DATASET ENTRIES:
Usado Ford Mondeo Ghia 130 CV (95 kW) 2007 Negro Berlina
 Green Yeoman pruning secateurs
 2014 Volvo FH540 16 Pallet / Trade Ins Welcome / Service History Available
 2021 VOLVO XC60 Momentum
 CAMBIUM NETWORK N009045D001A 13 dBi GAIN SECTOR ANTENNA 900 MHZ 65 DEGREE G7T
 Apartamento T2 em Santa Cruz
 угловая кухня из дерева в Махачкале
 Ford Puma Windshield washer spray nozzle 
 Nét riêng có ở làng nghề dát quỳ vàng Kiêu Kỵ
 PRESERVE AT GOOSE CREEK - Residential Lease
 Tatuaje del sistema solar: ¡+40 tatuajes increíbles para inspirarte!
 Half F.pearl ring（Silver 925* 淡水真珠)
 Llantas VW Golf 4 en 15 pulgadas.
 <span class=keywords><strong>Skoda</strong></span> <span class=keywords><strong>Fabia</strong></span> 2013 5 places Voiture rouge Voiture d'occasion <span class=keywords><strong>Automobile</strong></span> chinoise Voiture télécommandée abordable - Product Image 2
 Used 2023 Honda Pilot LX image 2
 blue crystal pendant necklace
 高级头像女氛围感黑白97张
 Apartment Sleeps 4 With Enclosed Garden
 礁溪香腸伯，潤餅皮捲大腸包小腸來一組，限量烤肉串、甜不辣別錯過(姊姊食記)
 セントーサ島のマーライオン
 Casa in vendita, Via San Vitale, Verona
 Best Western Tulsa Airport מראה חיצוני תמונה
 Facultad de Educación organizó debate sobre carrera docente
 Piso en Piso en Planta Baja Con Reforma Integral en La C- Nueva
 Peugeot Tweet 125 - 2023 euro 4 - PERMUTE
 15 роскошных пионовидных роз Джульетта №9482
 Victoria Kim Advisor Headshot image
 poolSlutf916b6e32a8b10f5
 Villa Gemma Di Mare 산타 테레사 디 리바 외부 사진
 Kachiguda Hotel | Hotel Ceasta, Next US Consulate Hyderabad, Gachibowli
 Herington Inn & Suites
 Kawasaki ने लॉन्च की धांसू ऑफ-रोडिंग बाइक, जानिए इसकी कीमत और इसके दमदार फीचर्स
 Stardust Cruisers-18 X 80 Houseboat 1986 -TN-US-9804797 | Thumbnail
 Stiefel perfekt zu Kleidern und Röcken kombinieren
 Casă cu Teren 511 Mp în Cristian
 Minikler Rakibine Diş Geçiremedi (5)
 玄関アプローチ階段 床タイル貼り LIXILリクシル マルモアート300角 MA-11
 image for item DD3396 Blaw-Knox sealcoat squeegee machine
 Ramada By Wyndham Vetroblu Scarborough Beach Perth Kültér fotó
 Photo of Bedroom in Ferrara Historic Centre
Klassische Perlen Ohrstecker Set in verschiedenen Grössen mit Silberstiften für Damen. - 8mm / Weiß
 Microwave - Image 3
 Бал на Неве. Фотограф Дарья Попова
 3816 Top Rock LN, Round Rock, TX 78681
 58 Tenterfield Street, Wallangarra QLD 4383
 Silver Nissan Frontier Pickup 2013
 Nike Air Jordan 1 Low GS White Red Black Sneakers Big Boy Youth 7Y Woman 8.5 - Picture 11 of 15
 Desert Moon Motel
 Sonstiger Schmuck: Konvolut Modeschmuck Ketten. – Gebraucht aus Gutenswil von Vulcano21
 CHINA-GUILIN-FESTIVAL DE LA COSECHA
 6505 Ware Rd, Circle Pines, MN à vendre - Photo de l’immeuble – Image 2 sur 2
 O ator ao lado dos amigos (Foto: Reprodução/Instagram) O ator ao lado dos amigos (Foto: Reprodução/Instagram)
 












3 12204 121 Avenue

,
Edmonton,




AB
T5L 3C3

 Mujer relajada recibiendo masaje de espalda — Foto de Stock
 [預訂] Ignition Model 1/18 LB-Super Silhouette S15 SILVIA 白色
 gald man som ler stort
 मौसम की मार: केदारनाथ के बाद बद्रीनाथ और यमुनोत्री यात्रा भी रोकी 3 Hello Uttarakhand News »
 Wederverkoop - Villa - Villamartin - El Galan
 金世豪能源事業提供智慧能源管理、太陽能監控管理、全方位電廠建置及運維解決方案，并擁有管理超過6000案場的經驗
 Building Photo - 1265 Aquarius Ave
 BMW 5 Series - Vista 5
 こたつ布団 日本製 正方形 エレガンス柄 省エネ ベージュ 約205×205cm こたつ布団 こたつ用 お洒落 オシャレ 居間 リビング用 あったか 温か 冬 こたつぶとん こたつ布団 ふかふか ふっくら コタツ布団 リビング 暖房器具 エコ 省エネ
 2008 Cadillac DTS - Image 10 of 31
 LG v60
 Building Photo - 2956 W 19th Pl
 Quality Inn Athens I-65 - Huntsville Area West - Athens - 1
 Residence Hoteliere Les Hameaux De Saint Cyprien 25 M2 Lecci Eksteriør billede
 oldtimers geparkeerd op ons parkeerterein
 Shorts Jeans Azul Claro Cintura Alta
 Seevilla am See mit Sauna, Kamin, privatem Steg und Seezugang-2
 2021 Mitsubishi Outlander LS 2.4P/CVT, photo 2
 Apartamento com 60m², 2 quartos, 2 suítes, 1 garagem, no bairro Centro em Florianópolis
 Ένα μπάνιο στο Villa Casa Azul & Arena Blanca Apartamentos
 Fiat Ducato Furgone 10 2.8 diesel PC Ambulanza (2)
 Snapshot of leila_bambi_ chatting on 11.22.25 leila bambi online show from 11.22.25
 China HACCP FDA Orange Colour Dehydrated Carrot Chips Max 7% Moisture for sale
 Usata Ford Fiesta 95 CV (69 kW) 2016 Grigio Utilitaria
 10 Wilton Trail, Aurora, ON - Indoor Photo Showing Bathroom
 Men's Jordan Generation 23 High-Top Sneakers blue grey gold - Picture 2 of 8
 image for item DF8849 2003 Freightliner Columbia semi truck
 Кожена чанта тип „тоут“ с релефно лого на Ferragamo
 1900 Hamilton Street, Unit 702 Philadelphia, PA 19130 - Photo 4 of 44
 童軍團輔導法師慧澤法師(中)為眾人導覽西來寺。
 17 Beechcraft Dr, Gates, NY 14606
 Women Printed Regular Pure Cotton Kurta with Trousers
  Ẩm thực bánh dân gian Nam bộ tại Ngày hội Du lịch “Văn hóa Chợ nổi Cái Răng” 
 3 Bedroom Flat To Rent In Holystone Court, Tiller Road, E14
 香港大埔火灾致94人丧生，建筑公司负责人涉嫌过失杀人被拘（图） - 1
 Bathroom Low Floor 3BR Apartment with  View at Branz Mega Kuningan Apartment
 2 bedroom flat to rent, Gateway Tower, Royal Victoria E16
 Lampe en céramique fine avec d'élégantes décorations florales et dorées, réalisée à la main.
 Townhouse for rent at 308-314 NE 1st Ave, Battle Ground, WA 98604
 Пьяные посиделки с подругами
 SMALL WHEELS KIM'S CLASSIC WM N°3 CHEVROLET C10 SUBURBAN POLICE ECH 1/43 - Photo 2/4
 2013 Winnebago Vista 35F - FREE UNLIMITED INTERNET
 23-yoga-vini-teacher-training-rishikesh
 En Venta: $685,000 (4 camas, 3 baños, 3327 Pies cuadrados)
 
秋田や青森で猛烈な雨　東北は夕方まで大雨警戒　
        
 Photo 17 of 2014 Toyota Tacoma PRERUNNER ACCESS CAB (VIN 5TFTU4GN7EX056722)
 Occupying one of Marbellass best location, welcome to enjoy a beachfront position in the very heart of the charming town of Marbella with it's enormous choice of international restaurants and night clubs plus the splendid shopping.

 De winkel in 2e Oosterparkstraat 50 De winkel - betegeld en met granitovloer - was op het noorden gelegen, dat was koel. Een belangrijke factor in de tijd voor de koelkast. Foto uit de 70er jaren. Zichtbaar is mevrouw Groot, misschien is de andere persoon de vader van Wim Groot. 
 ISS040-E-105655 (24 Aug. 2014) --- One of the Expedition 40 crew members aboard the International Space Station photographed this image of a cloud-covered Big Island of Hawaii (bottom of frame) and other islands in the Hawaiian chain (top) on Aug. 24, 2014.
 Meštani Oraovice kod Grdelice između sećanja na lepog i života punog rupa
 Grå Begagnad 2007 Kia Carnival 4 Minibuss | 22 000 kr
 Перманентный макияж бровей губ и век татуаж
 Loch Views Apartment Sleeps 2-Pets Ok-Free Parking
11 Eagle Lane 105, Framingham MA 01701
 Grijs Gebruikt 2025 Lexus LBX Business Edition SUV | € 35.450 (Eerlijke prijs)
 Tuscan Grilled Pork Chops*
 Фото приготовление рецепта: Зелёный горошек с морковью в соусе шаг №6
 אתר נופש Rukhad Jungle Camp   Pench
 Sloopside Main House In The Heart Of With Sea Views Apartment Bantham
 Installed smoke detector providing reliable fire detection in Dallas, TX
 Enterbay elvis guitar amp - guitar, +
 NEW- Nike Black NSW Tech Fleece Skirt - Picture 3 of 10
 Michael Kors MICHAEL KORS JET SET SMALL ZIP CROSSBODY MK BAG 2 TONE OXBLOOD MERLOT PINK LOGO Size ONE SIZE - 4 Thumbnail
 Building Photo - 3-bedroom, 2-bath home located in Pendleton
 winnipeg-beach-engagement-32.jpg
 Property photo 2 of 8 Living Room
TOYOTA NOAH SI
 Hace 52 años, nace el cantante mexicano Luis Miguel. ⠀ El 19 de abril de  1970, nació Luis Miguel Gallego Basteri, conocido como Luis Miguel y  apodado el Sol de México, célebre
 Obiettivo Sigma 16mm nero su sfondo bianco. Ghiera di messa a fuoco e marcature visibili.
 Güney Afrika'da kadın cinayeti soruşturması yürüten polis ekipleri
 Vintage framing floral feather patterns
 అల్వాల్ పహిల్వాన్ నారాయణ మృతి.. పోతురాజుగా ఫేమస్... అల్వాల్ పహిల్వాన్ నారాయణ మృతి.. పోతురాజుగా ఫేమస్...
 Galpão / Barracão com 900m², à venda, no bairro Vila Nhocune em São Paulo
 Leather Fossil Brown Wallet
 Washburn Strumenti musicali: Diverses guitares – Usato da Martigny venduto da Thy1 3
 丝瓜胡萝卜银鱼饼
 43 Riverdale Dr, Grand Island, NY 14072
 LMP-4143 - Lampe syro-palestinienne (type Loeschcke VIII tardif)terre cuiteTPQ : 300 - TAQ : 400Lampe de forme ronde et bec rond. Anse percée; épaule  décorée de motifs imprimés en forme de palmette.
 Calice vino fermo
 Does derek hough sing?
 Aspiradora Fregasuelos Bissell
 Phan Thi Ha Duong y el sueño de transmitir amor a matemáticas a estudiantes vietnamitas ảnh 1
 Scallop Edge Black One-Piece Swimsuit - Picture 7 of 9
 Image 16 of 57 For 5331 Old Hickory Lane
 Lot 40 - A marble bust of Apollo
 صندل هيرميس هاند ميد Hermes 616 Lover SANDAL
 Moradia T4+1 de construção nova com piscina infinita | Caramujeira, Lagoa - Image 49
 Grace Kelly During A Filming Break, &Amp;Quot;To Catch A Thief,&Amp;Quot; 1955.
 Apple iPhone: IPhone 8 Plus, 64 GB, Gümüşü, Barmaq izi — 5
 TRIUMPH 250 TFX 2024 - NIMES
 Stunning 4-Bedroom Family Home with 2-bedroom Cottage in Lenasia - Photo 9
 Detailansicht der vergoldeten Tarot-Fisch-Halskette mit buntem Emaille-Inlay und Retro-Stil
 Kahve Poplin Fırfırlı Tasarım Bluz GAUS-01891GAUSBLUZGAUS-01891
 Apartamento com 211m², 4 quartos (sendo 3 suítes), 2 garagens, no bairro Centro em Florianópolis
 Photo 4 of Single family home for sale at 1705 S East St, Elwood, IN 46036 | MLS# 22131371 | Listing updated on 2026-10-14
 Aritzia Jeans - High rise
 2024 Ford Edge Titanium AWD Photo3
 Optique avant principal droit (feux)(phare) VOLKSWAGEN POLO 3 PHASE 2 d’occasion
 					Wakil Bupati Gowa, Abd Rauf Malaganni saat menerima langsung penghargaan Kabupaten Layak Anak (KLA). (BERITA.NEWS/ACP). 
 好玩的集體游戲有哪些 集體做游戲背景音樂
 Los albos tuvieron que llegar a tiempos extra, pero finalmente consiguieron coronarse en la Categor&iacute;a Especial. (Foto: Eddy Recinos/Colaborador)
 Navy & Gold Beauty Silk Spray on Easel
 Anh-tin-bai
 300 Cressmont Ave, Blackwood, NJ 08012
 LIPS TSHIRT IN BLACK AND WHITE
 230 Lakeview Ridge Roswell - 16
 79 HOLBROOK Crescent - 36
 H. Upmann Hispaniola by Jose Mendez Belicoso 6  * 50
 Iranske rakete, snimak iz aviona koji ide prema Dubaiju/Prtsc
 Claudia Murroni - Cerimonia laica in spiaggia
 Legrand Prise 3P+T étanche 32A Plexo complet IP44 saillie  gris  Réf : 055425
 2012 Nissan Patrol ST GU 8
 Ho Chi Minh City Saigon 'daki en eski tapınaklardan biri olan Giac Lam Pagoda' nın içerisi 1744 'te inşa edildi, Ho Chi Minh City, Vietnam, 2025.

EXERCISE:
Starting at the line that has "Victoria Kim Advisor Headshot image" in the records above, restate word for word every line until the one that has "Kawasaki ने लॉन्च", and include that one as well.

RESULT BELOW:
 Victoria Kim Advisor Headshot image
 poolSlutf916b6e32a8b10f5
 Villa Gemma Di Mare 산타 테레사 디 리바 외부 사진
 Kachiguda Hotel | Hotel Ceasta, Next US Consulate Hyderabad, Gachibowli
 Herington Inn & Suites
 Kawasaki ने लॉन्च की धांसू ऑफ-रोडिंग बाइक, जानिए इसकी कीमत और इसके दमदार फीचर्स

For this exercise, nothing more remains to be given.